As for the first of those comments, by the way, Azpilicueta’s response was nice: “Maybe on penalties … it wouldn’t score many goals.” Maybe not, but boy would it defend well. And while everyone knows all that, it often feels like they don’t. That what Azpilicueta has achieved gets overlooked, certainly in Spain. Nine years at Chelsea, remember. Nine years. At Chelsea. Where he is captain. When he does get praised, it’s for reliability — a virtue that is sometimes an oddly backhanded compliment when it shouldn’t be. As if that relentlessness, that consistency, came as standard in every player. As if being indestructible was easy.
These are facts. Only nine men have ever played more games for the club, and by the end of the season, it may well be only seven. He is one of only four players to have played every minute for a league title-winning team (Gary Pallister, Wes Brown and John Terry, in case you’re wondering). Between the start of the 2015-16 season and the end of the 2018-2019 season, he missed just two of 152 games. In 2019, no outfield player in any of Europe’s five major leagues played more minutes. Of 38 league games, in the past five season he played: 37, 38, 37, 38, 36.

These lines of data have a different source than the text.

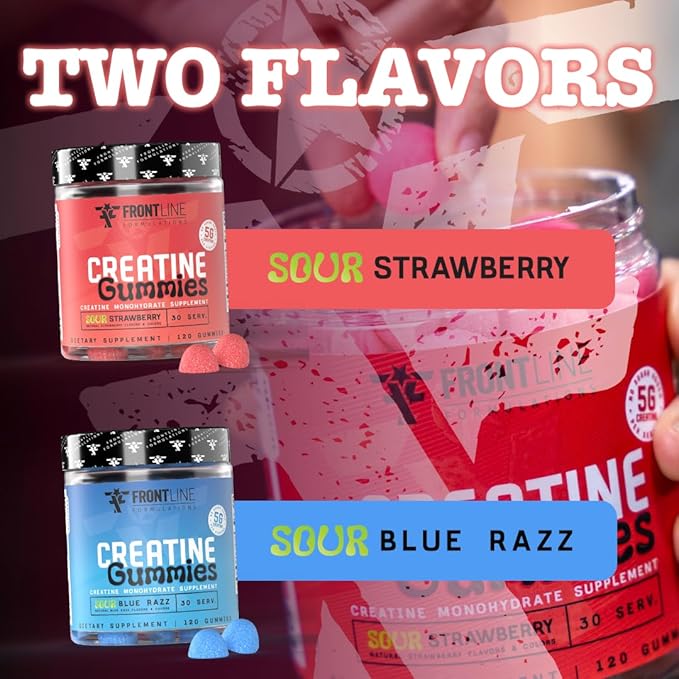 Creatine Monohydrate Gummies, 5g Creatine per Serving, Sugar-Free Creatine Supplement for Strength, Lean Muscle & Cognitive Support, Sour Strawberry, 120 Gummies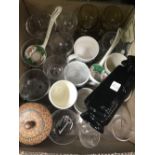 CARTON OF MIXED GLASS, COFFEE MUGS & WADE SANDIMAN CHERRY CONTAINER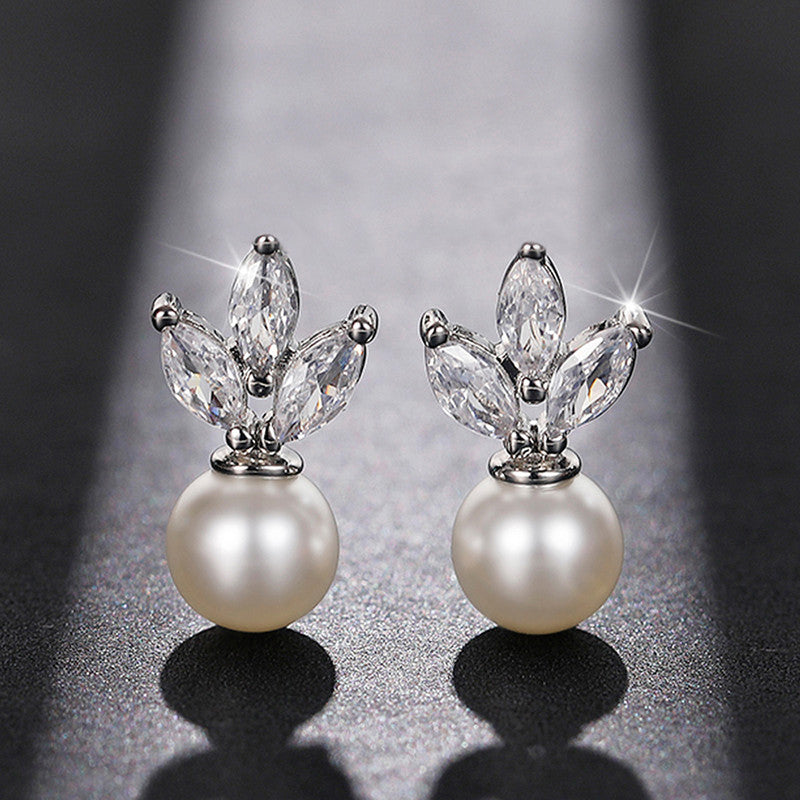 Jewels Galaxy American Diamond Studded Pearl Drop Korean Earrings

This year, aged 31 now, it was a little different, it seemed. And then it wasn’t. Tuchel turned to him. His ankle isn’t in great shape but Azpilicueta has been there every minute. “If you have a guy so humble, so full of quality, so ready to give everything for the team, to have the mentality of a water carrier, to help everyone on and off the pitch, a smile every day in training, every time ready — it’s a gift for every manager and in my belief for every team,” Tuchel said.
There is just one problem with those kinds of lines: the fondness can end up seeming grater than the football. Chelsea have kept 11 clean sheets in 13 games. It’s not chance.

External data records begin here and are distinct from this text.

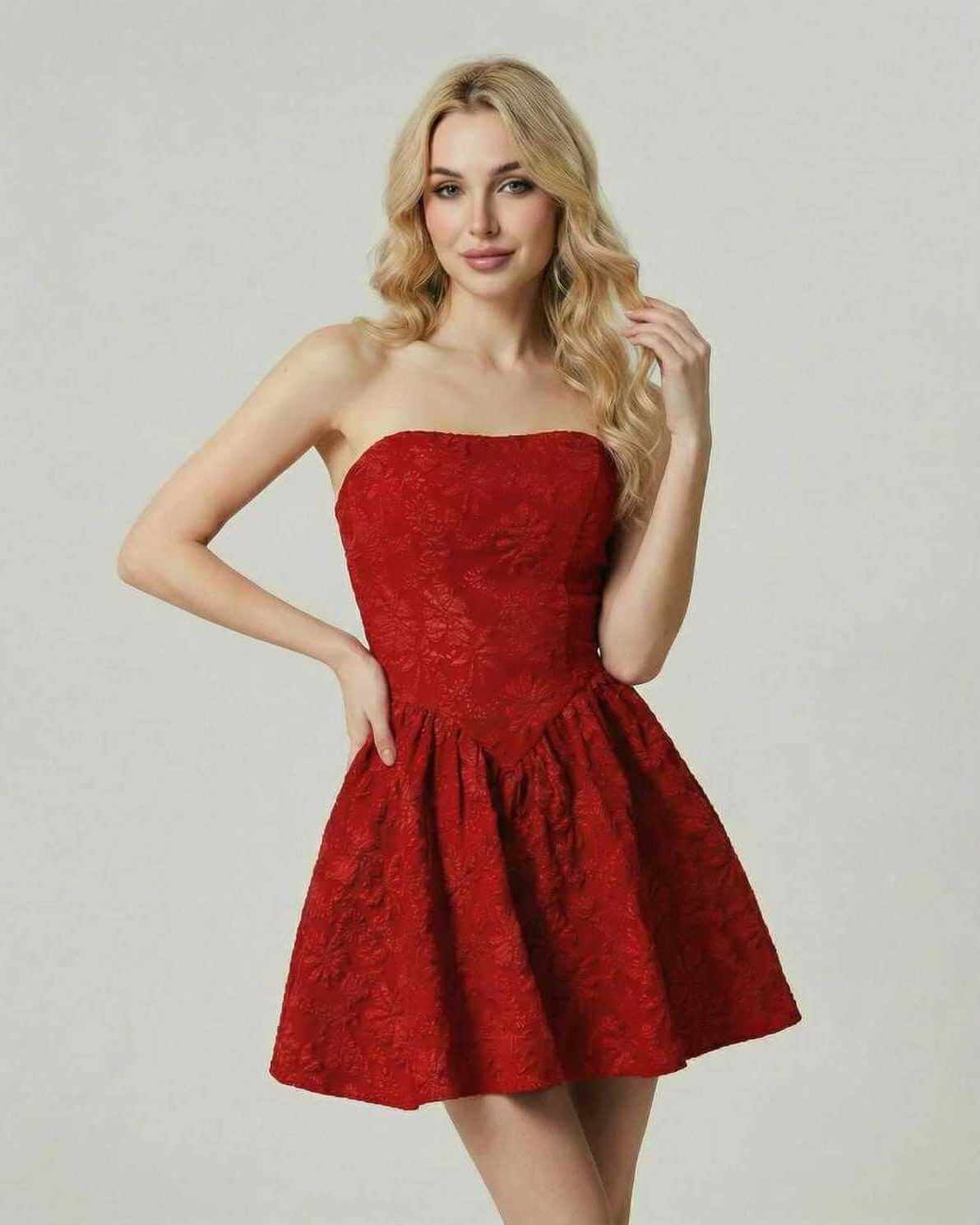 Aurora Mini Dress by Lauven, a strapless red floral jacquard dress with a high waist and flared skirt.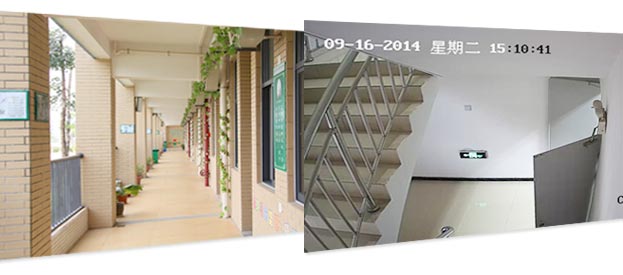 学生宿舍楼层通道、安全楼梯口高清监控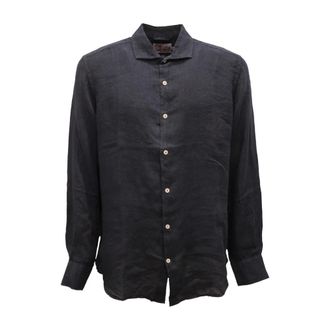 MC2 Saint Barth Pamplona Linnen Shirt - Heren - Casual Overhemden - Blauw - L - Linnen - Overhemden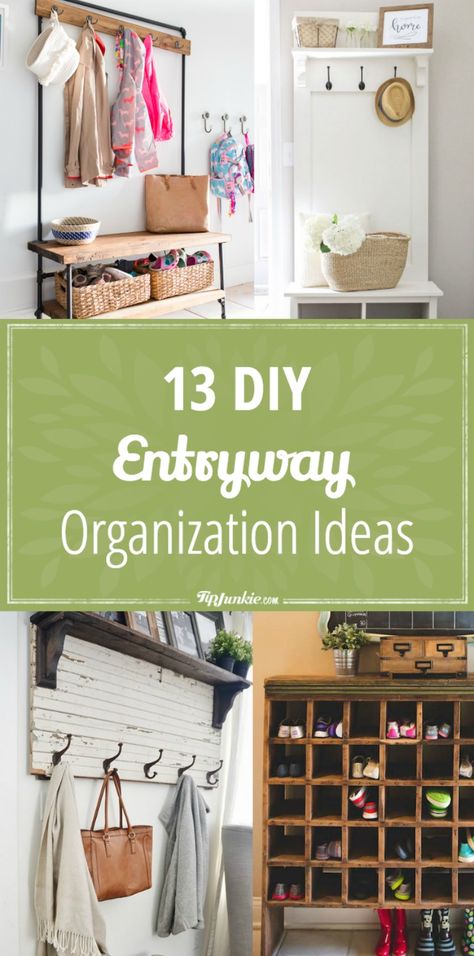 13 DIY Entryway Organization Ideas Entryway Organization Ideas, Family Entryway, The Dumping Ground, Family Organization Wall, Entry Organizer, Organizations Ideas, Entryway Flooring, Apartment Storage, Diy Entryway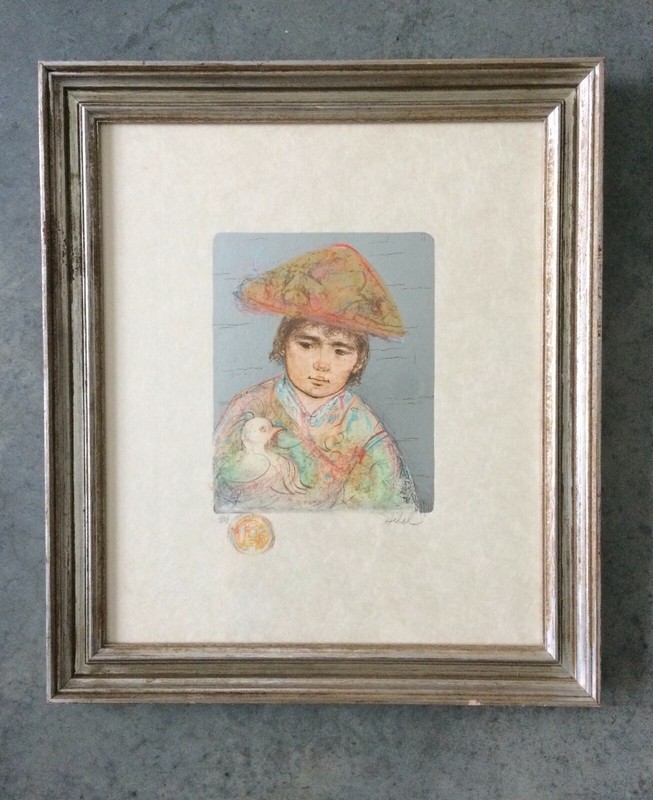 Edna Hibel pencil signed numbered Lithograph of Boy 265/375 Silver Leaf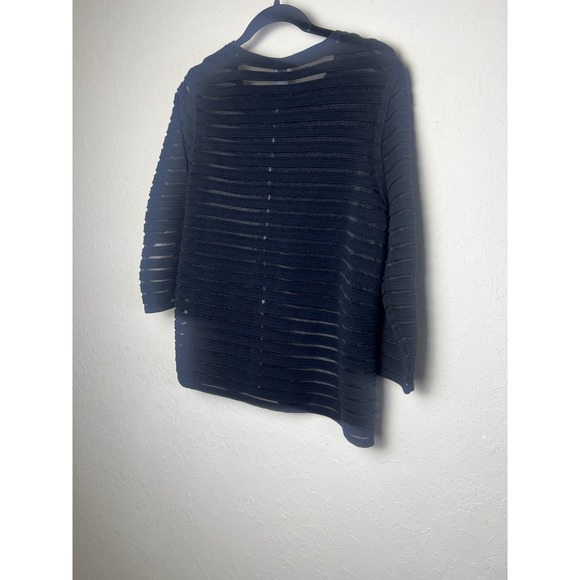 Chicos Easywear Jacket Black 3X Textured Sheer Mob Wife Going Out Zip Whimsigoth - Picture 2 of 7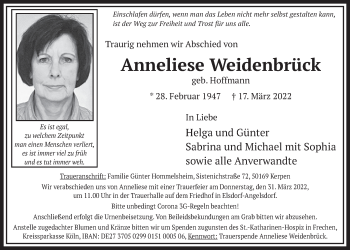 Anzeige von Anneliese Weidenbrück von  Werbepost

Watching a Chelsea side captained by Azpilicueta control Aletico on Wednesday, the mind was taken back to the last time they met in the knockout round, in 2014, when things ended very differently. Azpilicueta played that night and was beaten. So did Filipe Luis, who produced what he considered his best-ever game. Arguably the best left-back in Europe, Chelsea signed him that summer but it didn’t work, largely because by his own admission, the competition was just too strong. And if Monreal would say what he said about Azpilicueta, Filipe Luis, beaten and with reasons to be bitter, wouldn’t say this:
“The truth, the truth, is that he never gave me a chance to win my place, to take his place off him,’ Filipe Luis said. “He never gave any reason for me to be first choice.” And that may just be the biggest compliment there is.
Within a year, Filipe Luis had gone. His competition is still there nearly a decade on from the day he arrived, standing in front of his teammates and singing a song by the appropriately named Estopa. When he arrived at Stamford Bridge, Filipe Luis had a problem so many players have had over 413 games: his name is Cesar Azpilicueta Tanco, but they called him Dave.